Exercise
When you reach a picture, pass over it; otherwise repeat the listing word for word.

Exercise data: Begin

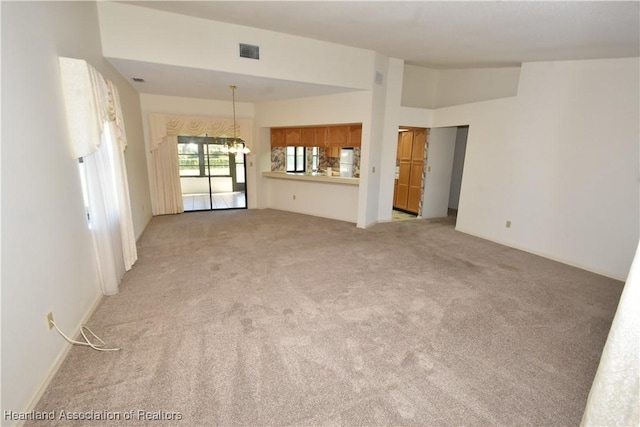 unfurnished living room featuring a notable chandelier, light carpet, and high vaulted ceiling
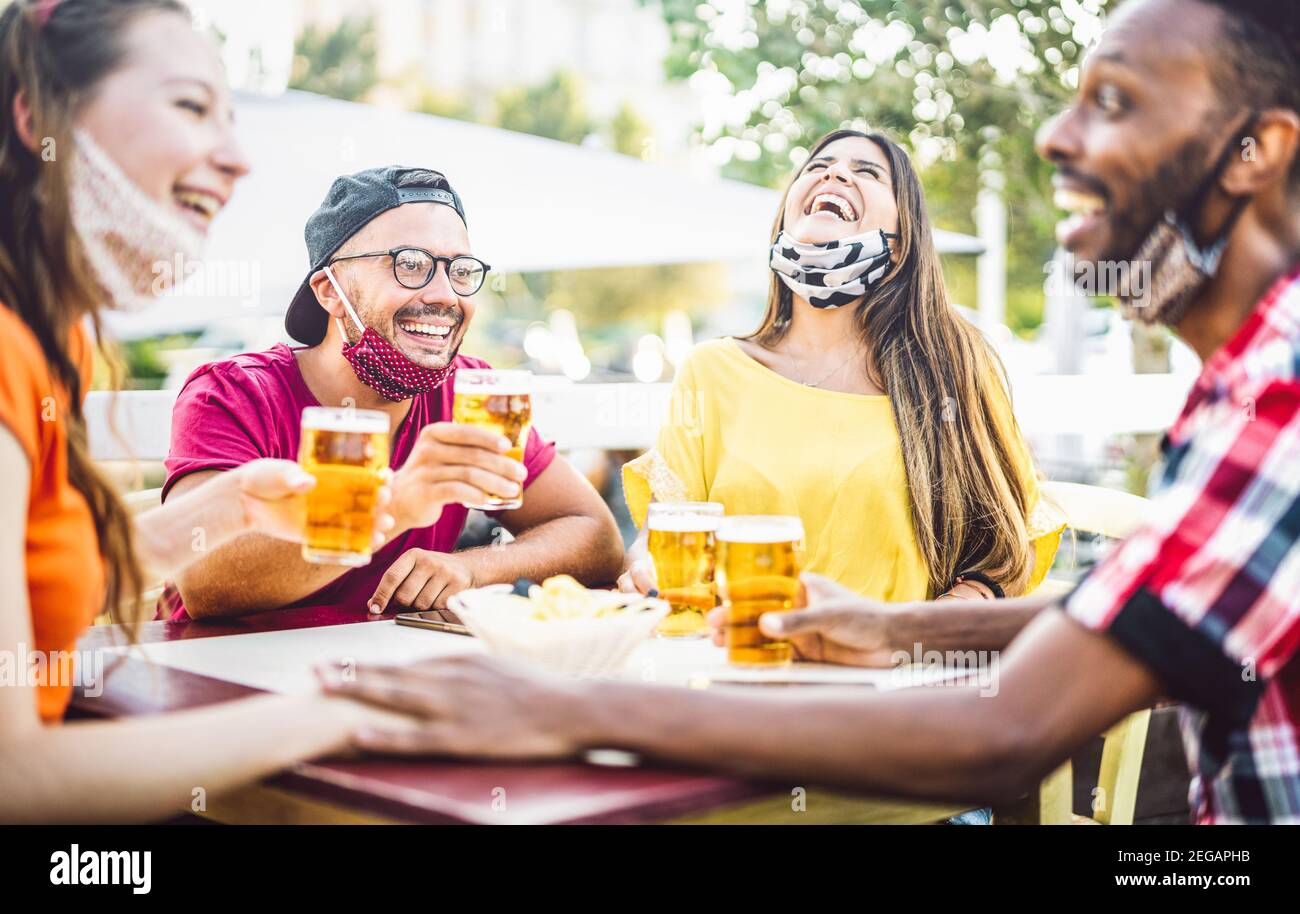 Young people drinking beer with open face masks - New normal lifestyle concept with friend having fun together talking on happy hour at brewery bar Stock Photo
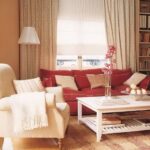 Plush living room seating idea with red and white couch
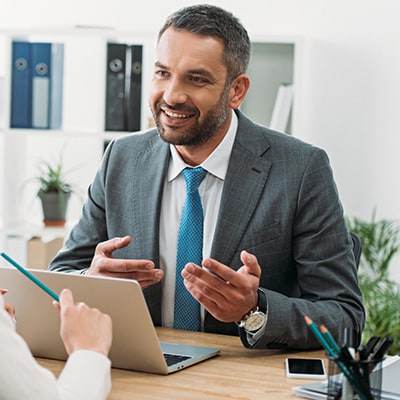 businessman sits behind desk and gestures with his hands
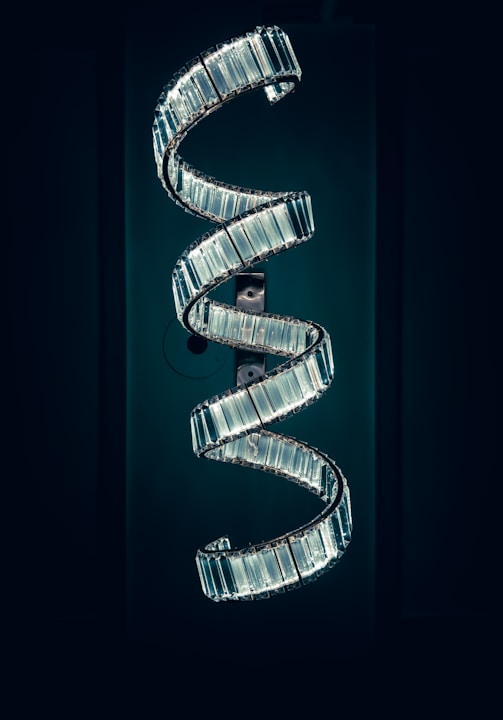 A poster with a spiral design on it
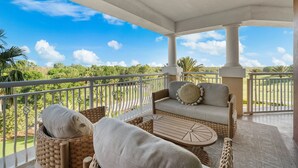 Ein überdachter Balkon mit Korbmöbeln, einer gepolsterten Couch und Blick auf einen Golfplatz.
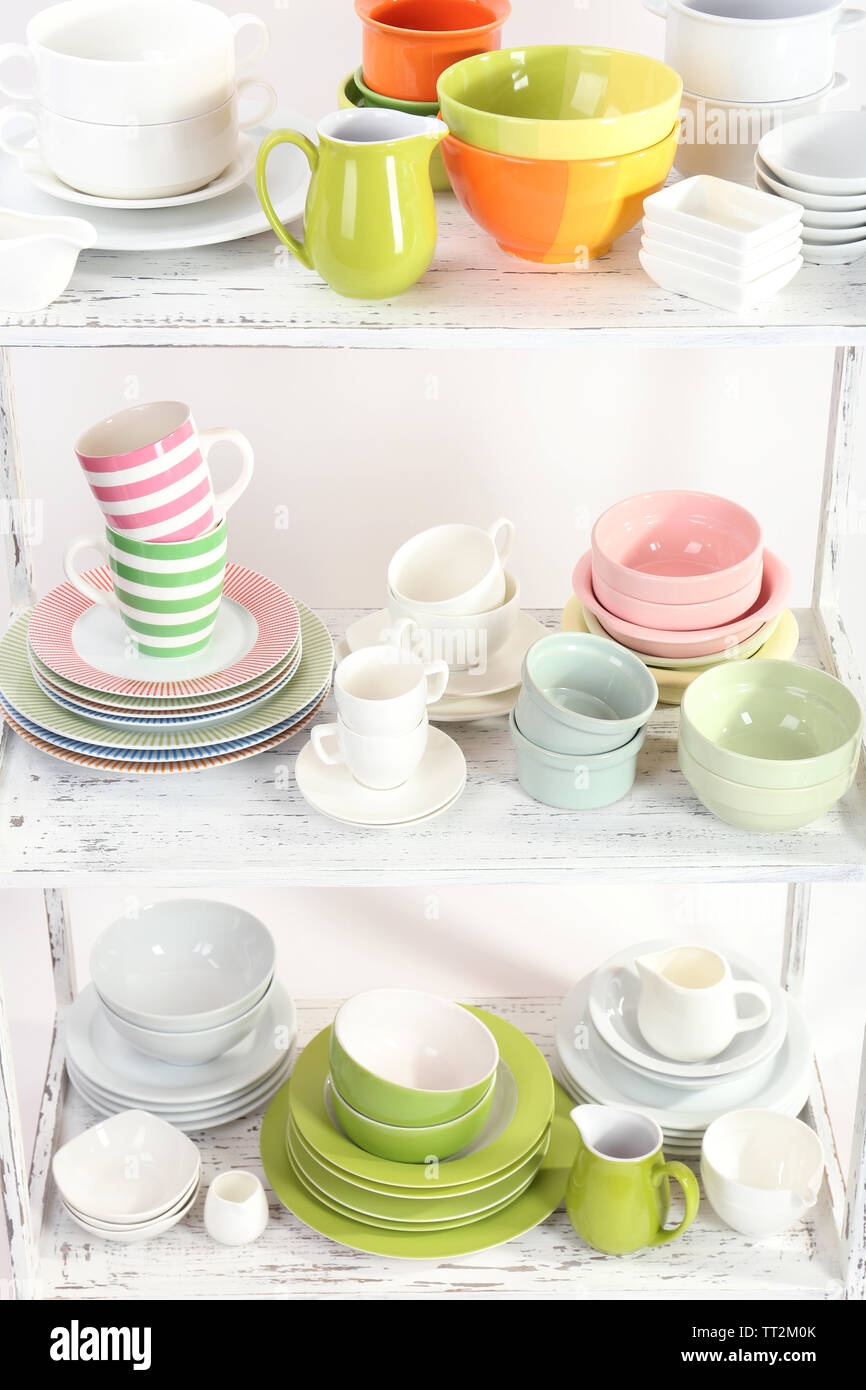 Different tableware on shelf, isolated on white Stock Photo - Alamy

Exercise data: End

Final answer
 unfurnished living room featuring a notable chandelier, light carpet, and high vaulted ceiling
 Young people drinking beer with open face masks - New normal lifestyle concept with friend having fun together talking on happy hour at brewery bar Stock Photo
 Plush living room seating idea with red and white couch
 businessman sits behind desk and gestures with his hands
 A poster with a spiral design on it
 Ein überdachter Balkon mit Korbmöbeln, einer gepolsterten Couch und Blick auf einen Golfplatz.
 Different tableware on shelf, isolated on white Stock Photo - Alamy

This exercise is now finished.